Monday, December 22, 2008

The Boys Project

I came across this very interesting via Glenn Sacks blog. Dr. Judith KLEINFELD is the director of The Boys Project, whose mission is to help young males develop their capabilities and reach the potential that their families and teachers know they have. It has resources for teachers.
A large, sullen, poorly educated group of men will not keep the nation vital in the twenty-first century. The nation needs the energy, initiative, and ambition of its young men as well as its young women.
Dr KLEINFELD, a psychologist is a author of popular article "The Myth That Schools Shortchange Girls" and an critic of a legislation changing report published in 1992 titled "How Schools Shortchange Girls: A Study of Major Findings on Girls and Education" by the American Association of University Women (AAUW). She insists that the idea that girls are shortchanged by schools has become the common wisdom-what people take for granted, without a thought concerning whether or not it is true. As evidence of this fallacy, she quotes a nationally representative longitudinal study of the high school class of 1992, discussed by Dwyer and Johnson. It was found that high-school girls outdistanced boys in making the honor roll, in getting elected to a class office, and in receiving writing awards and other academic honors.

But 1992 was a long time ago, and the holes in this diatribe have been growing wider each year.
So it is perhaps not a surprise that in May 2008, the AAUW revisited the state of gender education and guess what - we have made great strides! The crisis is over! For everyone!

However, this article by Leonard SAX points out that women enrollment in Science Technololgy Engineering and Math (STEM) has actually declined over the past 20 years. He believes that the real gender crisis is not ability but motivation. Women remain more likely than men to major in art history and journalism; men are more likely than women to major in computer science, physics, and engineering. That is the reason for differences in earnings - utility.

The issue is that AAUA wants to force girls (and boys) into stereotypical roles that they do not aspire to. Gender differences do exist and they matter.

1 comment:

  1. AAUW's 2008 research report actually found that the issue of who is falling behind in school is not a girls vs. boys issue. What they found was that both boys and girls in specific demographics are falling behind boys and girls in other demographics. Namely, students from low income and minority households overall are falling behind those who are middle and upper class and white as far as going to college.

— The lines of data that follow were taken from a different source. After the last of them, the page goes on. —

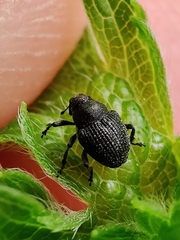 Zacladus geranii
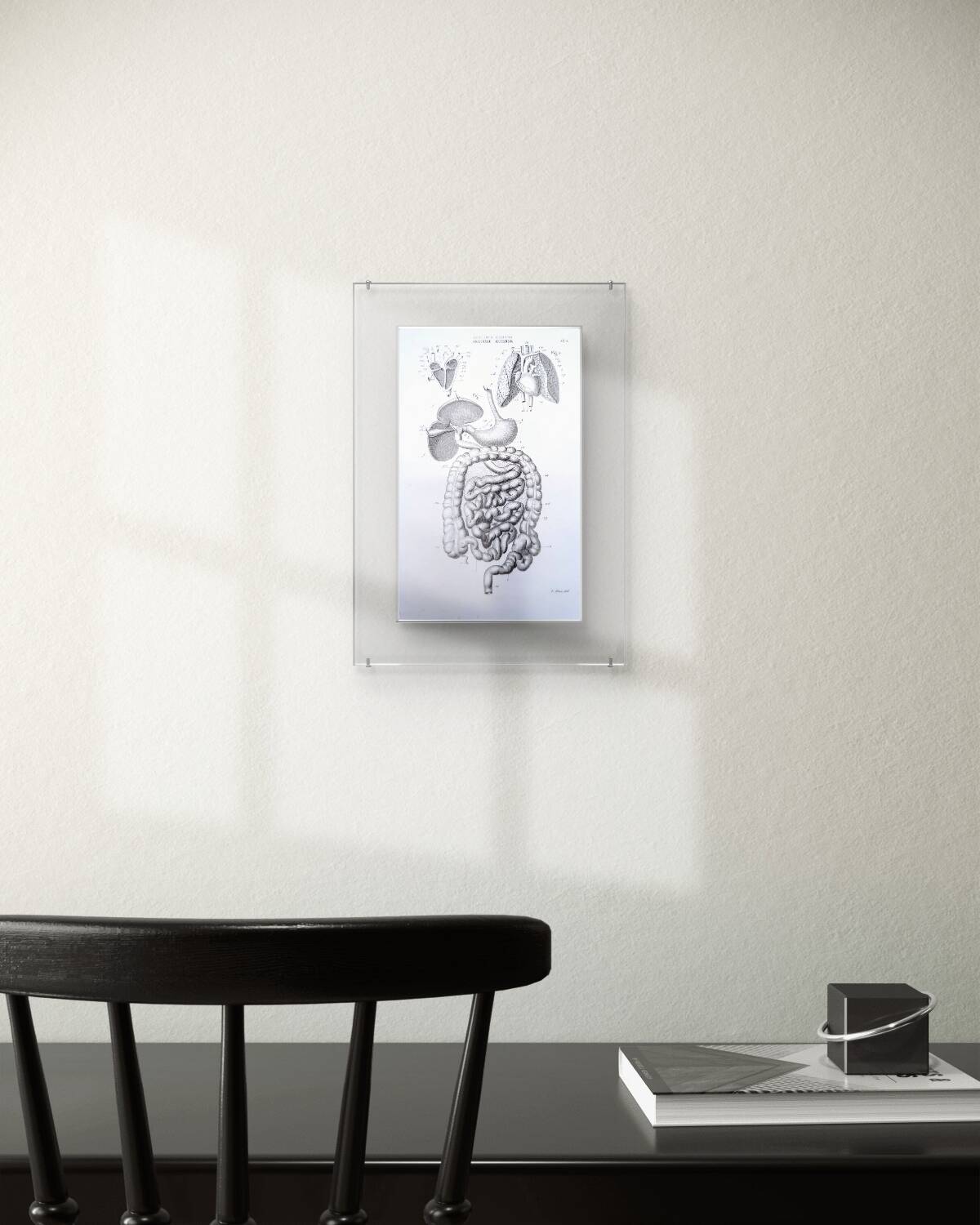 Printed in 1851, Digestive system, heart and lungs.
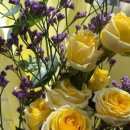 사동그린꽃 이미지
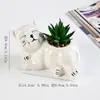 Porcelana Blanca Nueva Escandinava Macetas para Gatos y Suculentas Exportación Exportación Macetas de Cerámica Transfronterizo Plantas Suculentas en Maceta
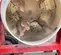 2022 Multiquip MC94PH8 Mixer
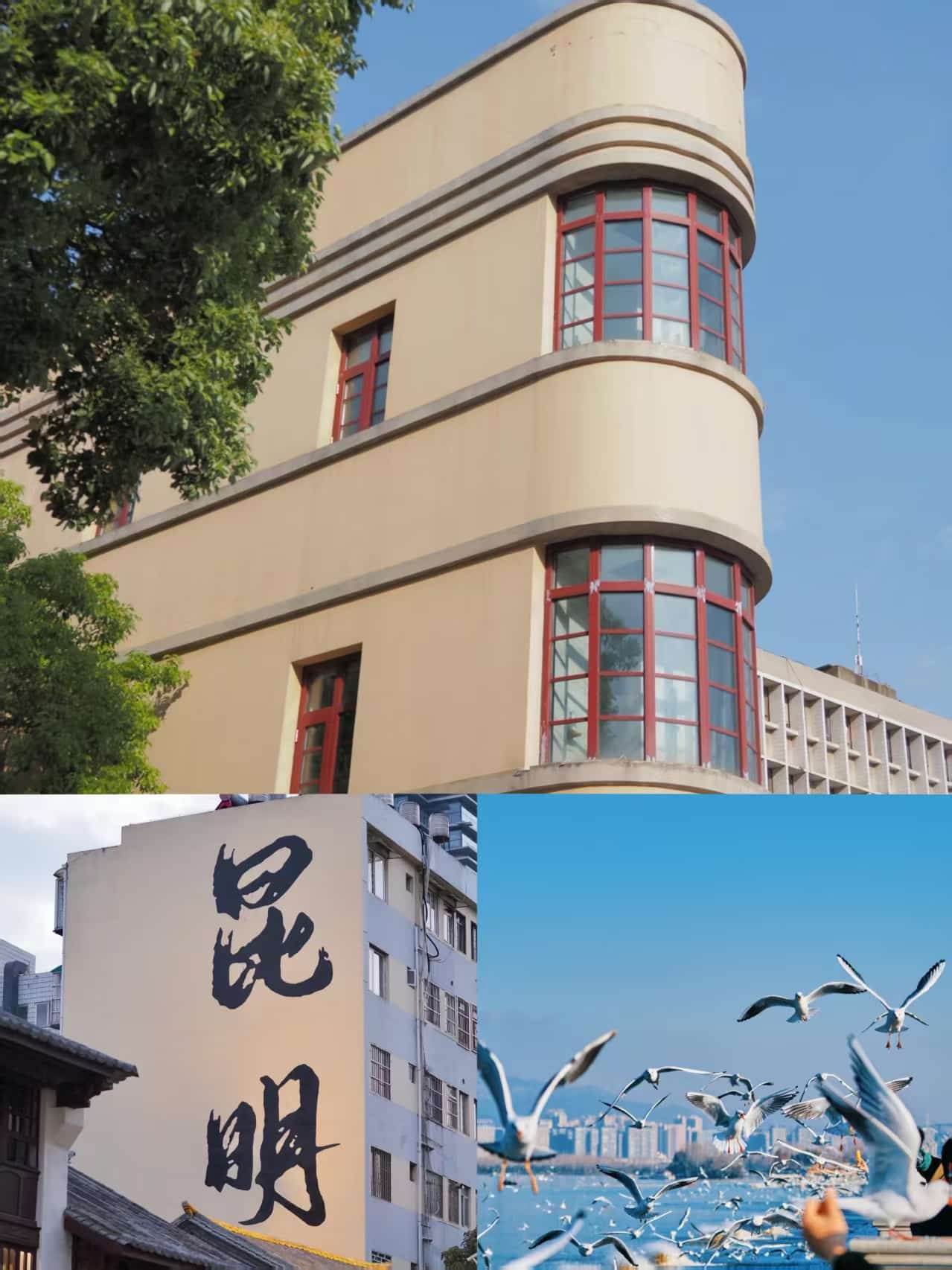 云南團建公司,云南策劃公司,昆明旅游,昆明旅行社,昆明團建公司,昆明會議會展：昆明24小時，在鮮花與海鷗間，邂逅一場春城的浪漫漫游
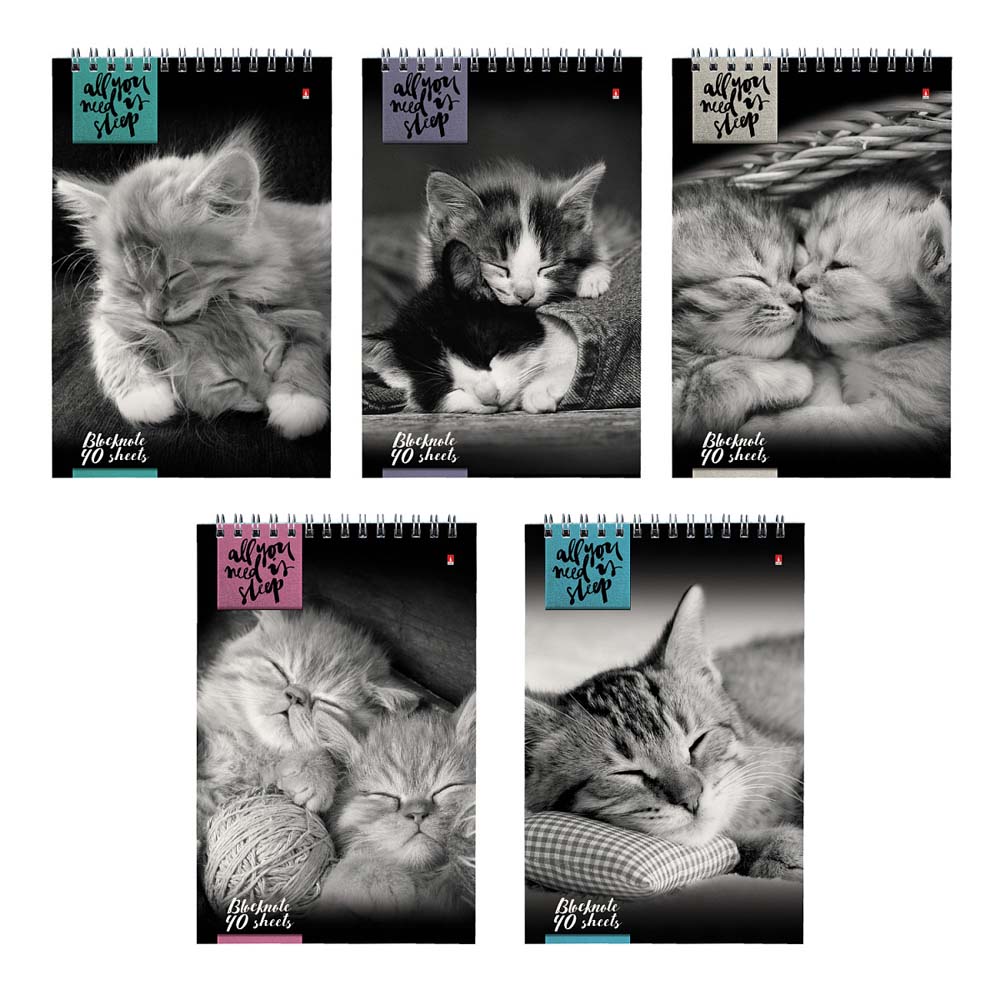 блокнот а5 гребень 40л. кл. "кошки" (альт) асс-т Блокнот а5 гребень 40л. кл. "кошки" (альт) асс-т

    Something else you can learn from the report is that one of the major reasons why there are more women than men in college is because there are so many more non traditional women students (women over 25) compared to non traditional male students -- meaning there are more older women returning to or going to college for the first time. This makes a lot of sense since it wasn't too long ago that far fewer women than men attended college when they were 18-22. There are almost the same number of male 18 year olds as female 18 year olds entering college.

    Also, I think a college education is still more important for women than men if they want to make good wages. Men can go to traditionally male-dominated jobs like construction, plumbing, electricians, sales, and now tech jobs, without a 4 year college degree and make a good salary. There is really no equivalent field like those for women to make good wages without a 4 year degree.

    Also, here's an interesting article about why some women leave the tech field: I think a lot of those reasons can be applicable to other fields and can also help explain why fewer women enter them than men, despite the high pay.